## [TASK DIRECTIONS]
The records that follow are to be printed exactly, with no images.

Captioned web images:
+ + + + + + +

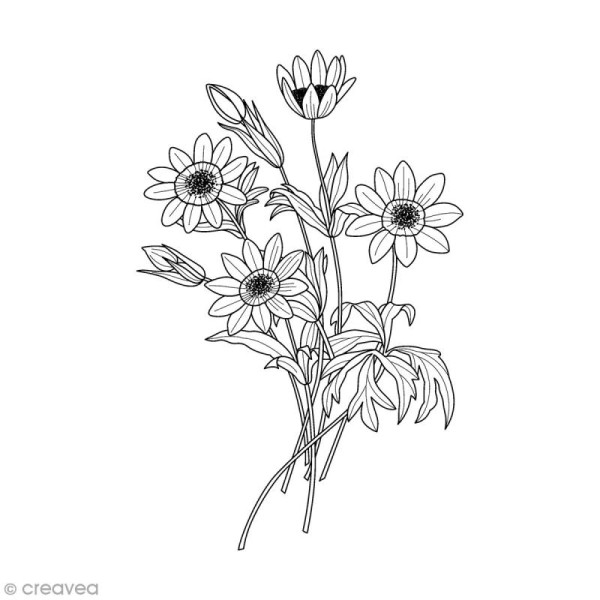 Tampon Bois Artemio - Bouquet d'anémones - 3,7 x 5,3 cm - Photo n°1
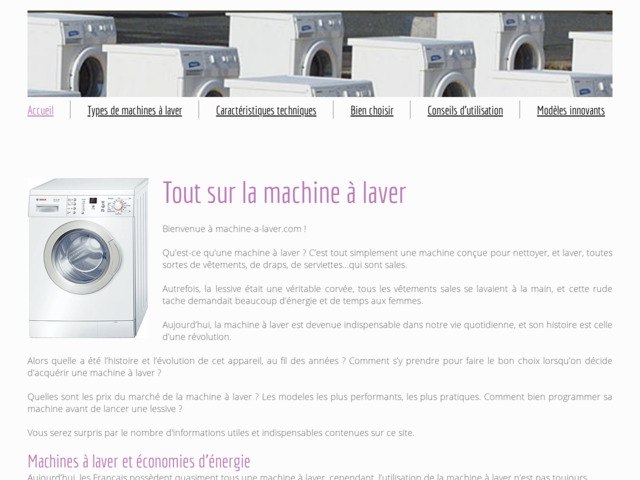 Tout sur la machine à laver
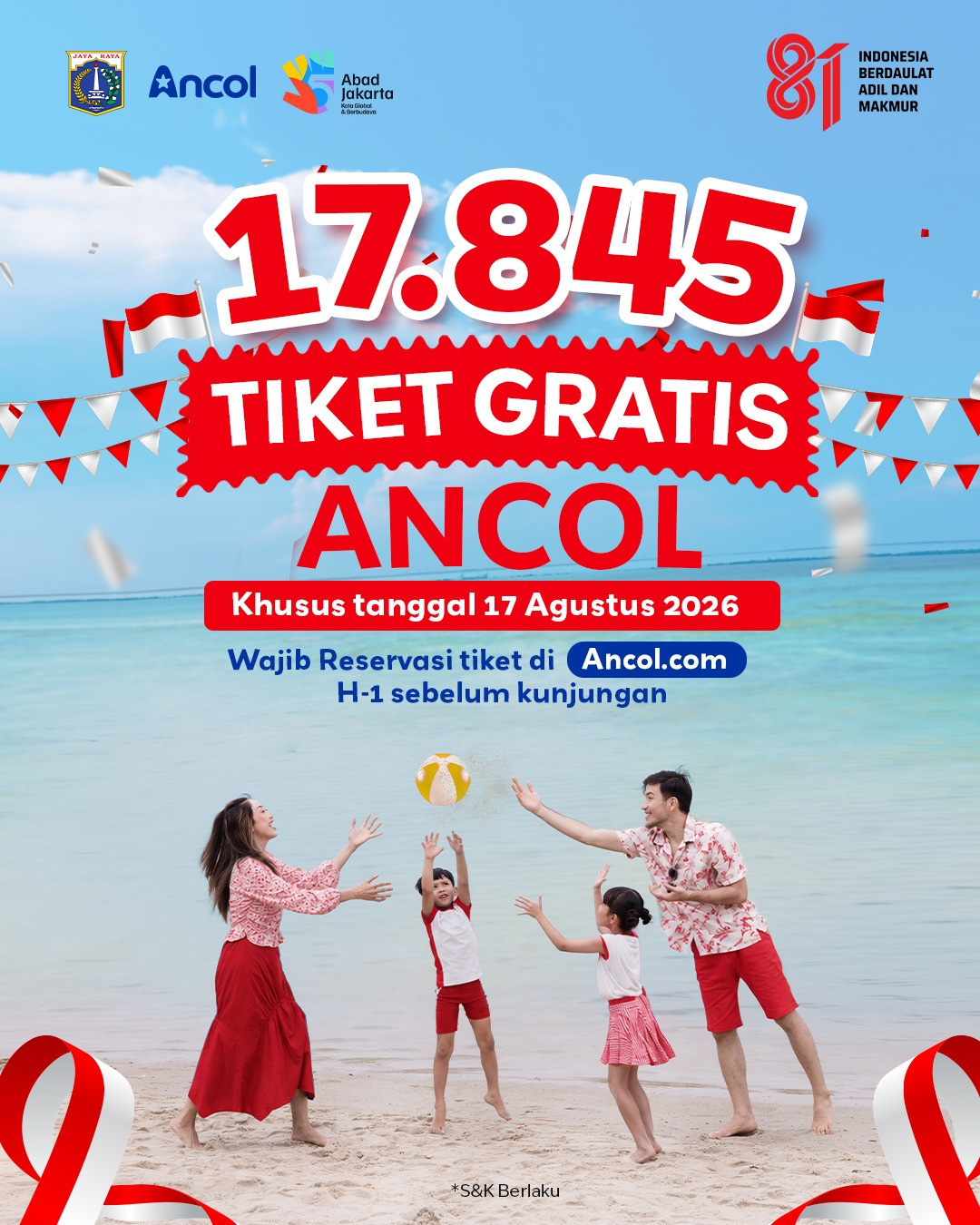 Ancol Hadirkan Perayaan Kemerdekaan Spektakuler, Gratis Masuk pada 17 Agustus 2026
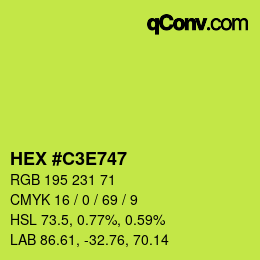 Color code: HEX #C3E747 | qconv.com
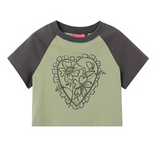 コントラストカラーラウンドネックラグラン半袖Tシャツ
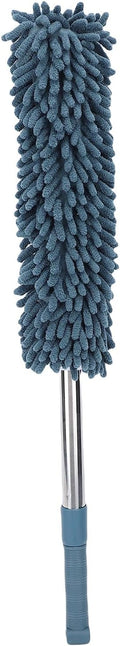 Telescopic Duster with electrostatic adsorption Soft 60 to 80 cm Washable with Flexible Corner Brushes for Easy dust Removal (Navy Blue)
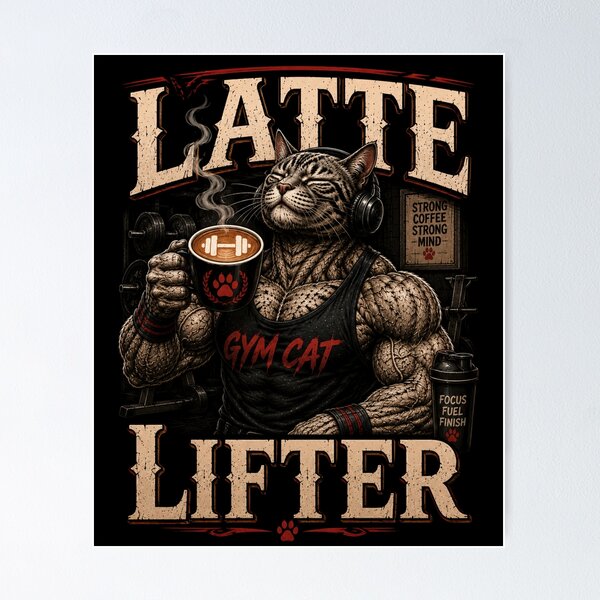 Item preview, Latte Lifter Funny Gym Cat Coffee Vintage Fitness Gift designed and sold by Digistore1221.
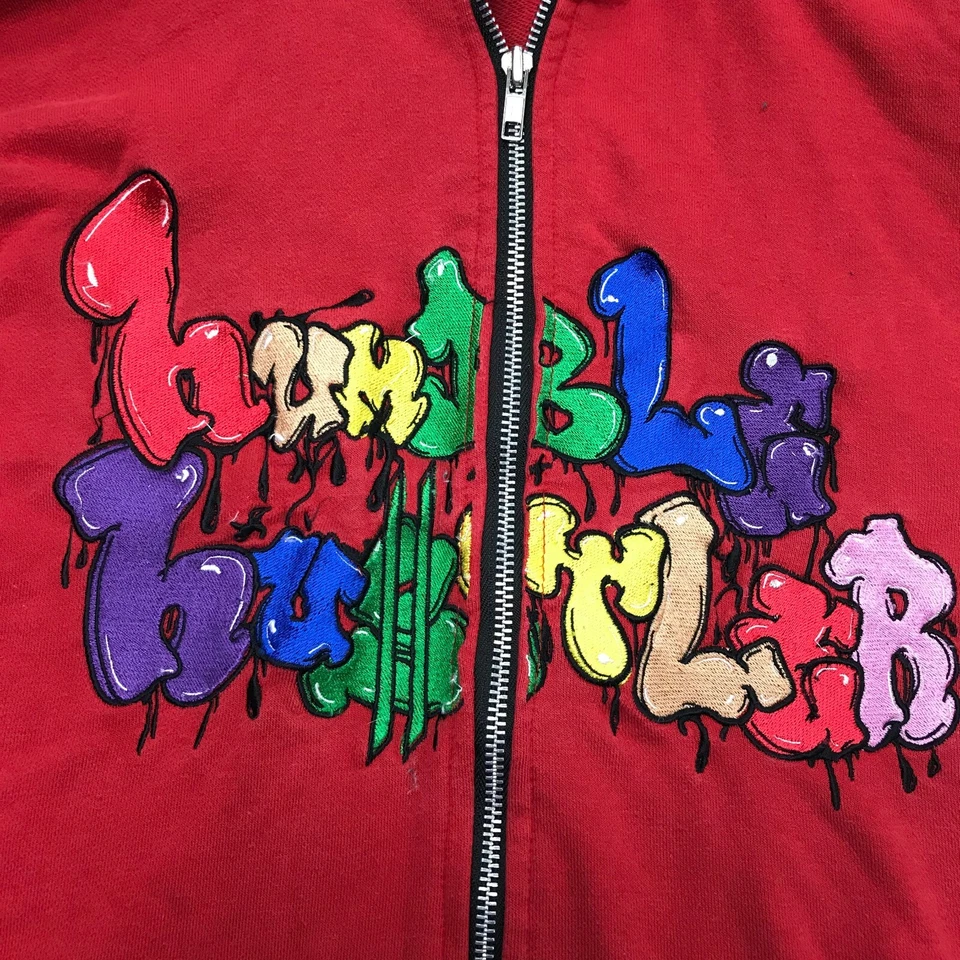 Humble Hustler Rojo Cremallera Completa Bordado Mujer Sudadera con Capucha Grande Foto 3 de 4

+ + + + + + +

## [TASK SOLUTION]
 Tampon Bois Artemio - Bouquet d'anémones - 3,7 x 5,3 cm - Photo n°1
 Tout sur la machine à laver
 Ancol Hadirkan Perayaan Kemerdekaan Spektakuler, Gratis Masuk pada 17 Agustus 2026
 Color code: HEX #C3E747 | qconv.com
 コントラストカラーラウンドネックラグラン半袖Tシャツ
 Telescopic Duster with electrostatic adsorption Soft 60 to 80 cm Washable with Flexible Corner Brushes for Easy dust Removal (Navy Blue)
 Item preview, Latte Lifter Funny Gym Cat Coffee Vintage Fitness Gift designed and sold by Digistore1221.
 Humble Hustler Rojo Cremallera Completa Bordado Mujer Sudadera con Capucha Grande Foto 3 de 4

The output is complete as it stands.